MEDITACIÓN- Cuando pensamos en la agonía de Jesucristo, cuando lo vemos cubierto de sudor de sangre; cuando lo contemplamos subiendo al Monte Santo, atado a la Cruz, derramando su sangre adorada, ¿podemos olvidar el valor de nuestra alma regenerada? Vale la sangre de un Dios: ¡Tanti vales, o anima mea! Es esta sangre infinitamente preciosa la que ha dado a los Sacramentos su virtud y eficacia. Es esta sangre la que nos regenera en el Bautismo, la que nos purifica en el Sacramento de la Penitencia, la que nos alimenta y fortalece en la Sagrada Eucaristía. En una palabra, es él quien nos da y mantiene en nosotros la vida espiritual, quien nos hace hijos de Dios y coherederos de Jesucristo. Somos de su raza, de su sangre, de su carne, de sus huesos. Reconoce, oh cristiano, tu dignidad, y, ya que te has hecho partícipe de la naturaleza divina, no vuelvas a caer en tu antigua bajeza.

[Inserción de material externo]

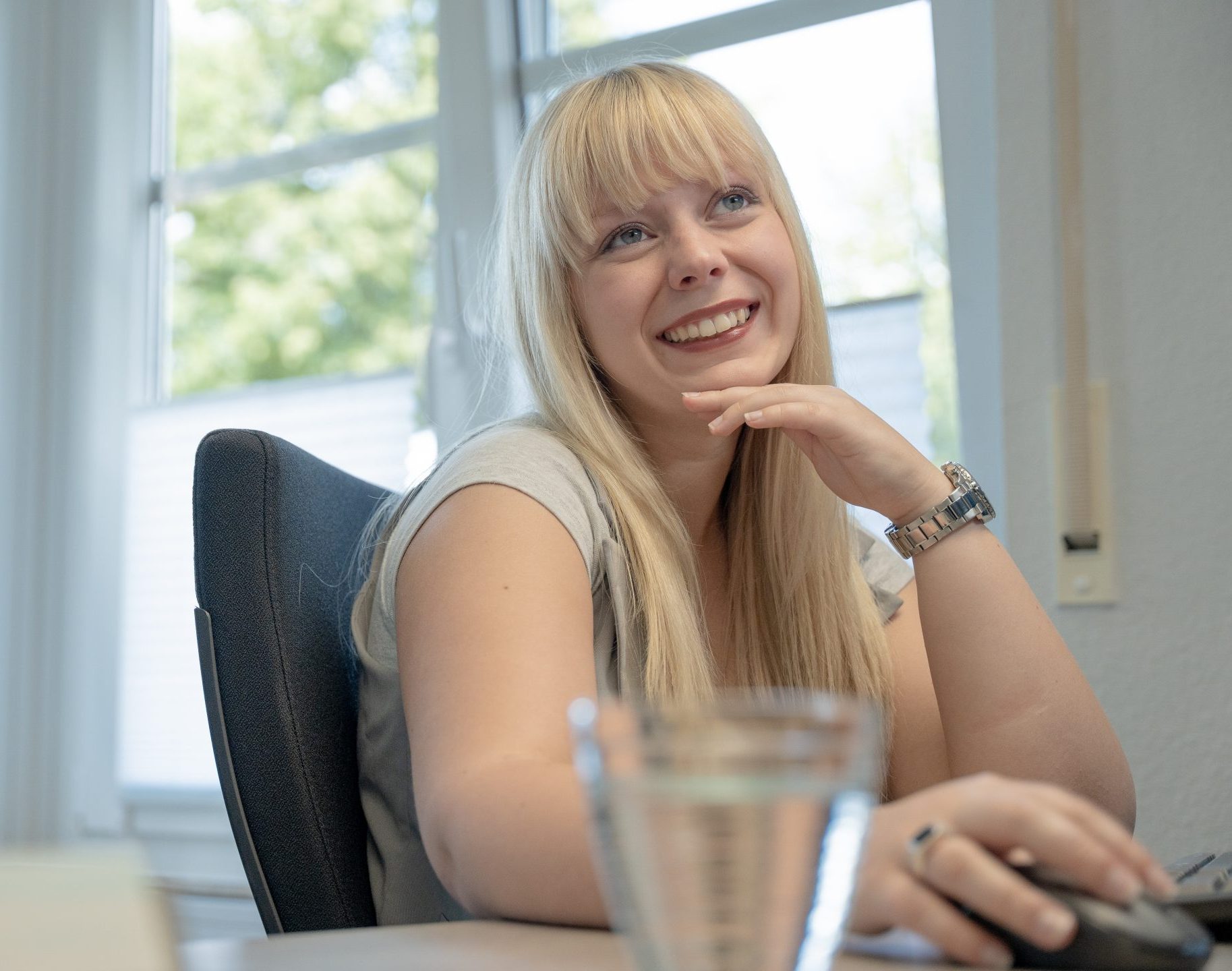 Porträt einer Frau im Büro – Symbolbild für die kreative Leitung und strategische Arbeit einer modernen Werbeagentur und Marketingagentur.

Recuerda siempre de qué cabeza y de qué cuerpo eres miembro; y lo que eres de profesión, demuéstralo con tus obras más que con tu nombre, para que el nombre concuerde con las obras y el cuerpo con los hechos. De lo contrario, el nombre sería una palabra vacía y un gran crimen. No debes combinar una vida sensual con el honor que se te ha dado, y una vida criminal con una profesión divina. Sé irreprochable, busca y desea sólo lo que conduce al Cielo.

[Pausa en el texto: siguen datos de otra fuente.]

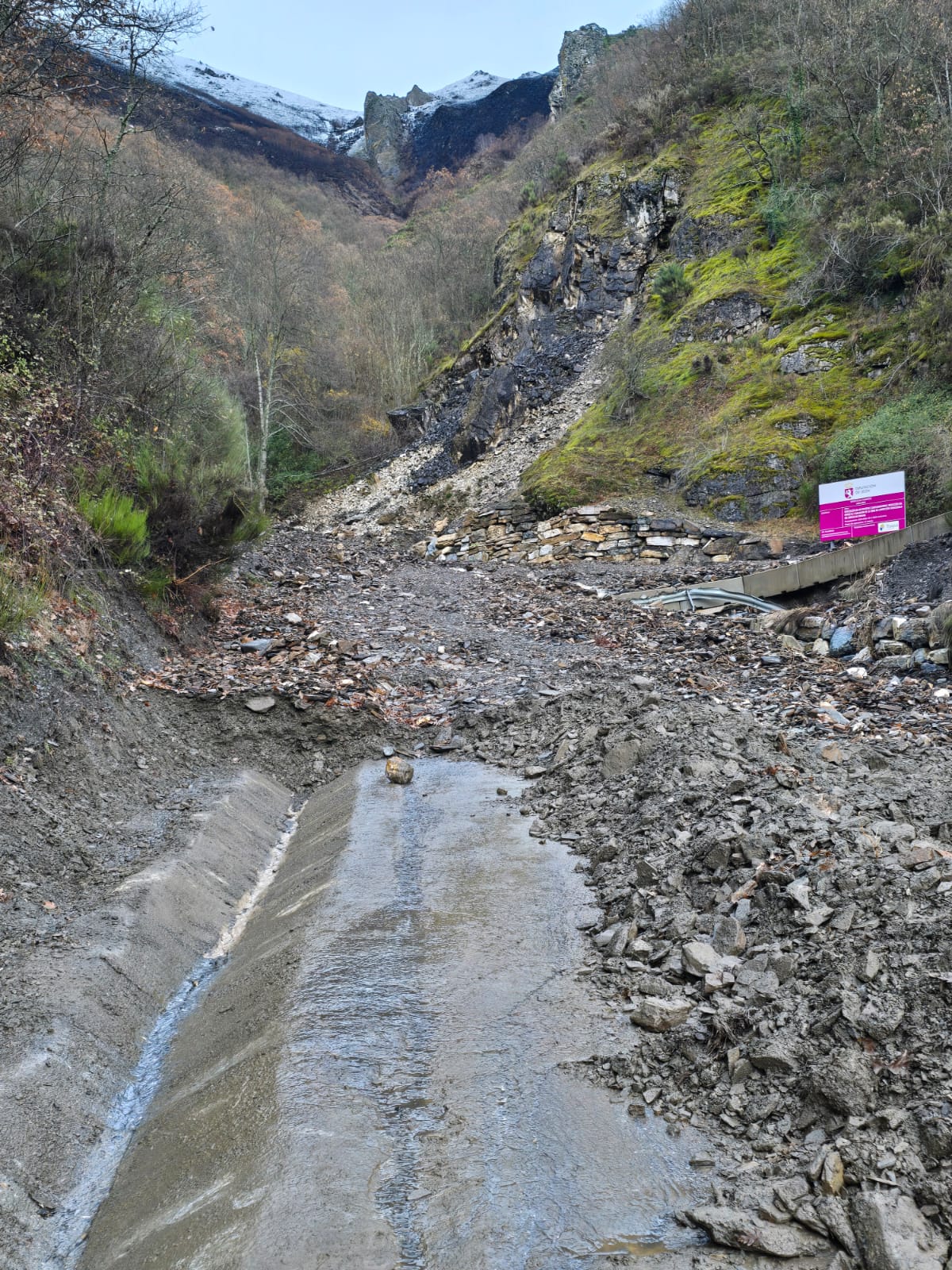 Máquinas trabajando en el derrumbe de Peñalba (3) Máquinas trabajando en el derrumbe de Peñalba (3)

ORACIÓN- Oh Mensajero celestial, que viniste a ocupar nuestro lugar en aquel momento supremo en que Jesús agonizaba, y que con tanto cuidado recogiste su adorable sangre para presentarla a la divina Majestad, te saludamos con amor y gratitud; nuestra confianza en ti aumenta al considerar tu devoción por Jesucristo y tu compasión por nuestra pobre naturaleza. Ah, por la gloria de Dios, derrama sobre nosotros los tesoros de gracias que el Todopoderoso ha puesto a tu disposición, para que los sufrimientos de nuestro divino Salvador nos sean provechosos y nos abran las puertas de la Dicha Eterna. Amén.